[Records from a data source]

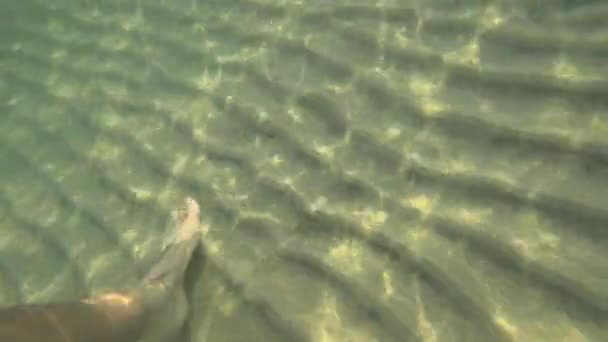 Blick von oben auf Füße, die über den Sand laufen — Stockvideo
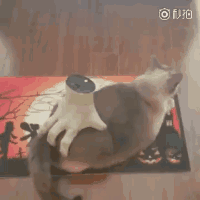 电动撸猫神器，了解一下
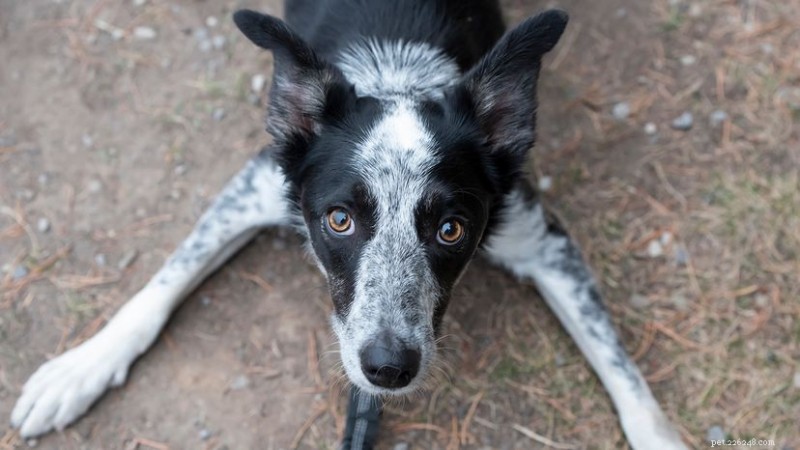 Por que todo Border Heeler precisa de um emprego:o guia definitivo 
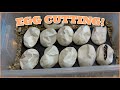 Cutting 11 ball python eggs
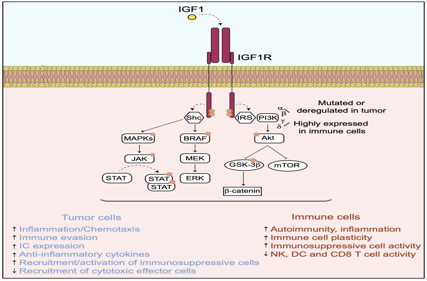 Insulin-like growth factor 1 receptor IGF1R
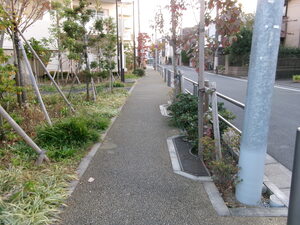 写真7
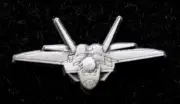 F-22 RAPTOR STEALTH FIGHTER HAT PIN US AIR FORCE AFB PILOT CREW WING "HEAD ON"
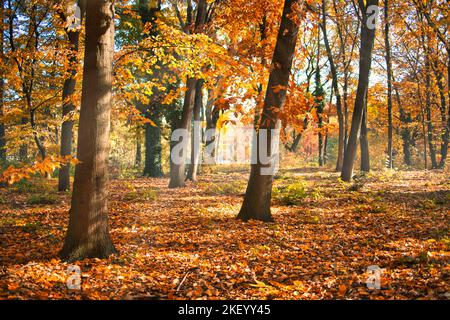 Alberi colorati e strada rurale in una profonda foresta autunnale, sfondo naturale. Nebbia mattutina, luce solare soffusa, tranquilla maestosa foresta autunnale sentiero tranquillo Foto Stock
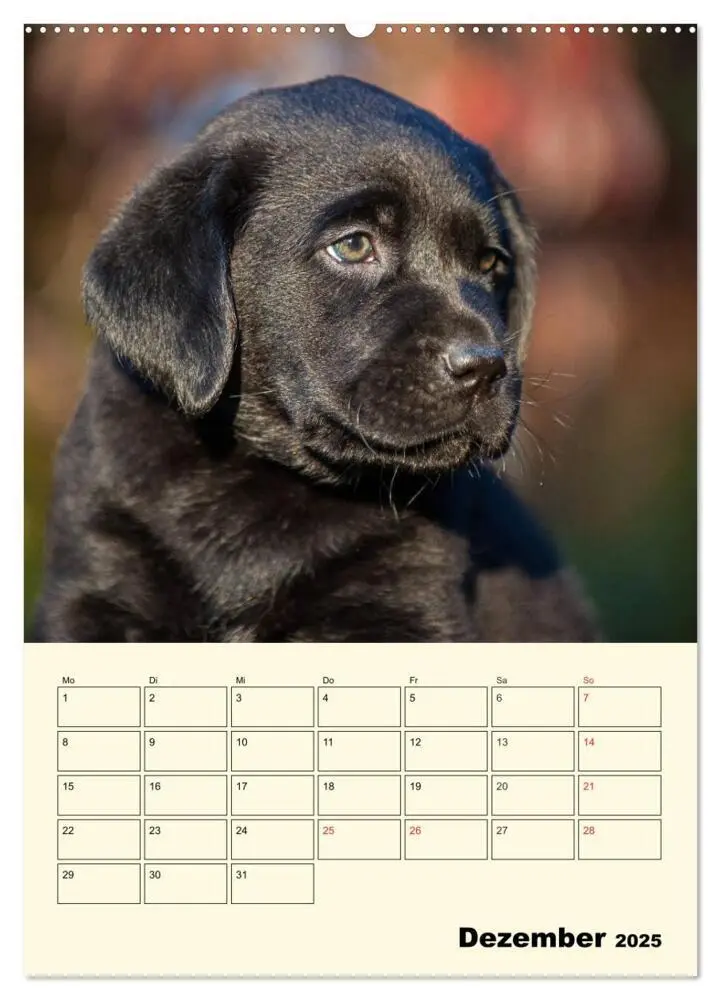 Bild: 9783435957675 | Familienplaner - Labrador Welpen entdecken die Welt (Wandkalender...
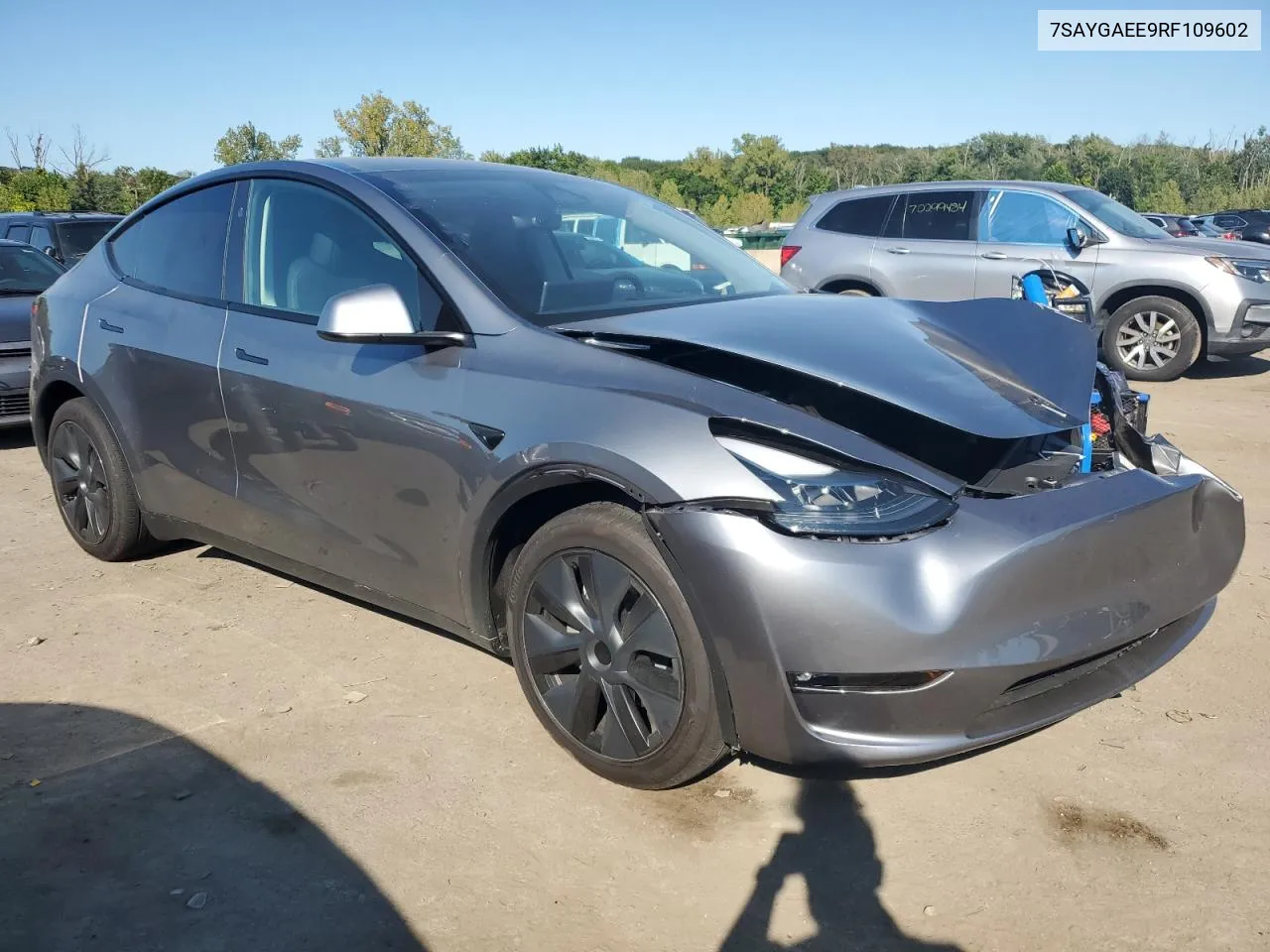 2024 Tesla Model Y VIN: 7SAYGAEE9RF109602 Lot: 70588114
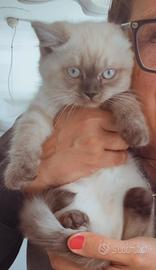 Scottish Blue Point Straight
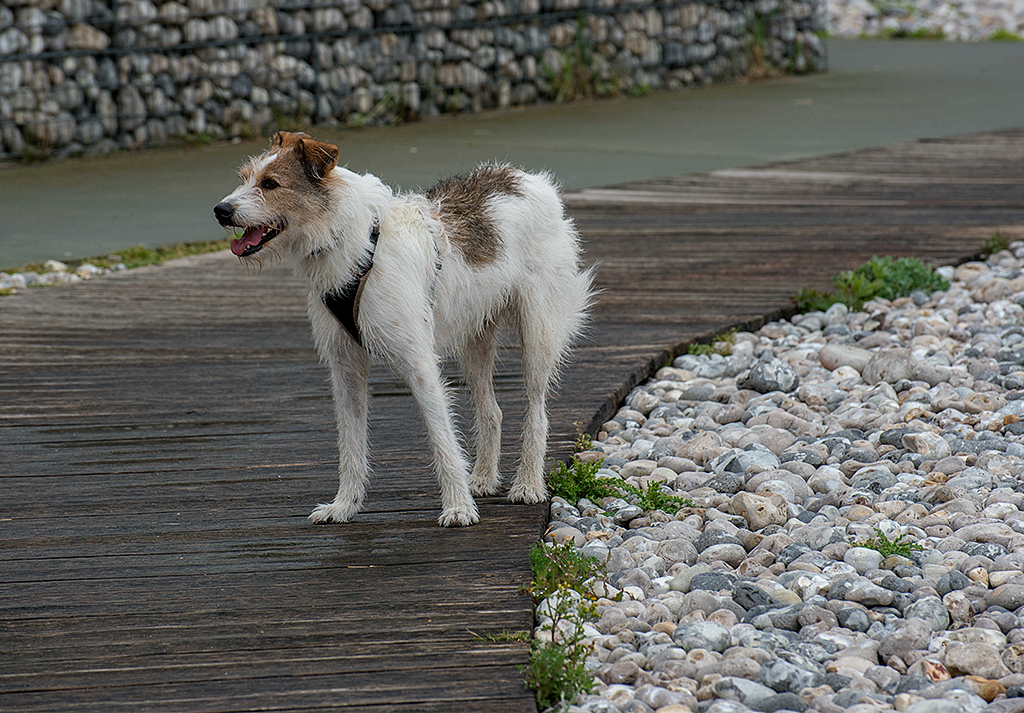 Normandie 05 - 2016_KA79388-1 Kopie.jpg - Felix hält auch Ausschau nach Sandsträndenm, leider gibt es nur noch die ollen dicken Kieselsteine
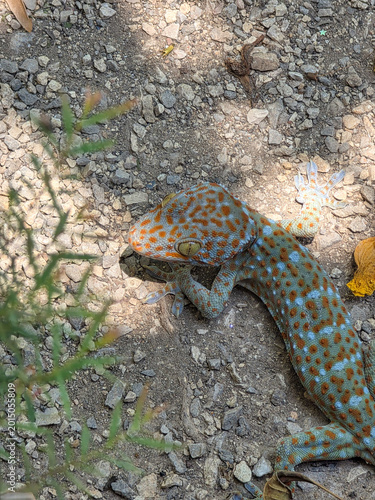 Slika na platnu Colorful tokay gecko reptile resting on outdoor ground with dirt and rock displa
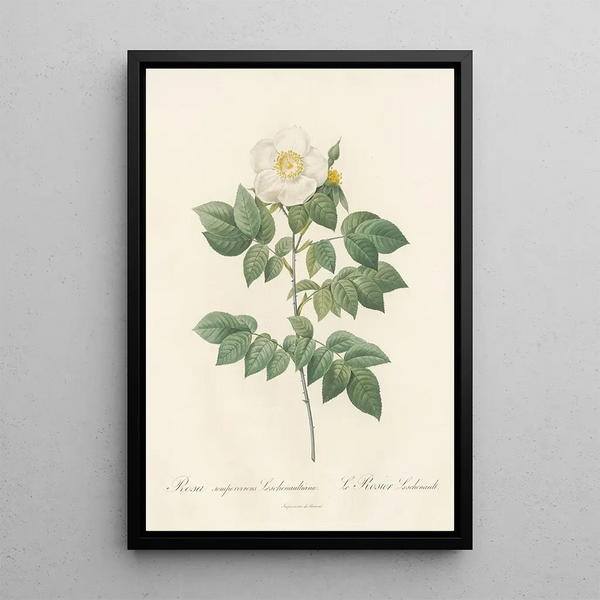 Rosa Sempervirens Leschenaultiana - Pierre Joseph Redouté — gerahmtes Bild an der Wand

> [TASK REQUIREMENTS]:
Could you write out the records again exactly, omitting each image?

> [ANSWER BELOW]:
 Blick von oben auf Füße, die über den Sand laufen — Stockvideo
 电动撸猫神器，了解一下
 Por que todo Border Heeler precisa de um emprego:o guia definitivo 
 Cutting 11 ball python eggs
 Insulin-like growth factor 1 receptor IGF1R
 写真7
 F-22 RAPTOR STEALTH FIGHTER HAT PIN US AIR FORCE AFB PILOT CREW WING "HEAD ON"
 Alberi colorati e strada rurale in una profonda foresta autunnale, sfondo naturale. Nebbia mattutina, luce solare soffusa, tranquilla maestosa foresta autunnale sentiero tranquillo Foto Stock
 Bild: 9783435957675 | Familienplaner - Labrador Welpen entdecken die Welt (Wandkalender...
 2024 Tesla Model Y VIN: 7SAYGAEE9RF109602 Lot: 70588114
 Scottish Blue Point Straight
 Normandie 05 - 2016_KA79388-1 Kopie.jpg - Felix hält auch Ausschau nach Sandsträndenm, leider gibt es nur noch die ollen dicken Kieselsteine
 Slika na platnu Colorful tokay gecko reptile resting on outdoor ground with dirt and rock displa
 Rosa Sempervirens Leschenaultiana - Pierre Joseph Redouté — gerahmtes Bild an der Wand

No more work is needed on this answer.